Now levying additional taxes on non-profit organizations (NPOs) by adding clause D in Section 100C of the Income Tax Ordinance seems to be an uninformed decision reflected in the current Finance Bill 2017. Would this decision add any significance to revenues or act as a hindrance in the way of uplifting marginalized segments of society? NPOs’ money is largely humanitarian aid received as charity and exempted from tax across the world. Will it be taxed even after Islamabad signed 27 UN conventions? And shouldn’t it be dealt with by the Federal Board of Revenue (FBR) and not the Economic Affairs Division (EAD)?
The Finance Bill 2017 asks NPOs to limit their administrative cost up to 15% and pay 10% tax on surplus money. If they do not comply, they shall be taxed at the corporate tax rate of 30%. Before opening Pandora’s Box of implications on NPOs, a quick point on opportunity cost of levying tax is that according to rough estimates there are 100,000 NPOs that may contribute to the tax deficit of 0.01% to 0.03% only, as less than 10,000 carry that operational size. On the other hand, this shall hinder social uplift of marginalized segments by opening ways to breaching, leaking and corruption as NPOs survival strategy because it is impossible for them to comply with the change.

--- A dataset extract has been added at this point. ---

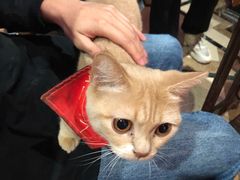 -猫色咖啡·猫咖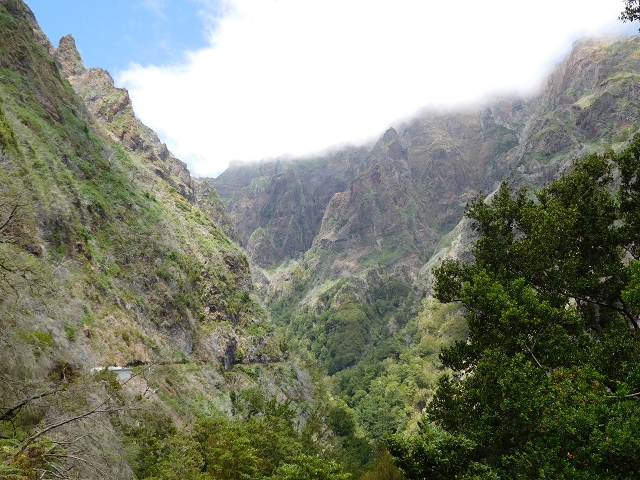 24.07.2015 Balcoes Levada do Juncal Levada Nova do Juncal — Auf der Levada Nova do Juncal — Foto 3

One of the issues related to NPOs is the popular myth that they get enormous money to propagate foreign agendas and dubious practices. This general perception lacks substance and evidence. On the basis of such assumptions, we cannot make policy decisions to bar their functioning by imposing unnecessary sanctions of NOCs and now undue taxes. In comparison, we should look at the contribution made by NPOs in the social development sector. They have given employment opportunities to more than 500,000 individuals from poor and marginalized communities. They are working hand in hand with the government as an ally in all sectors. Limiting them to 15% administrative cost will result in an employment recession.
Another issue is that the NPOs calendar may not be in accordance with the government’s calendar because the donors’ timeline varies around the year. For example, if a year-long project begins from February and is unable to spend all its funds before June 30, on July 1 st the FBR may consider the unspent cost as surplus and impose 10% tax on it, forgetting that this money is the receipt and expense of already planned activities which is neither savings nor surplus.
There is a dire need to segregate NPOs as they are not business-oriented or profit-making entities. Dealing with philanthropic transactions as business transactions, shows the government’s lack of capacity and expertise in the particular area. Besides, the FBR should not be the institution dealing with NPOs. Pakistan recently signed 27 UN conventions, including human, social and environment rights governance principles. On the one hand, we want to receive humanitarian aid to strengthen our social and private sector and on the other, we are stepping out of its mandate by levying taxes.
We need to review this decision and increase the growth rate instead of burdening the existing structures. By improving economic and social growth we can increase numbers to direct and indirect taxpayers. Broadening the base for tax collection and maximizing documentation of cash economy flows can also be added avenues.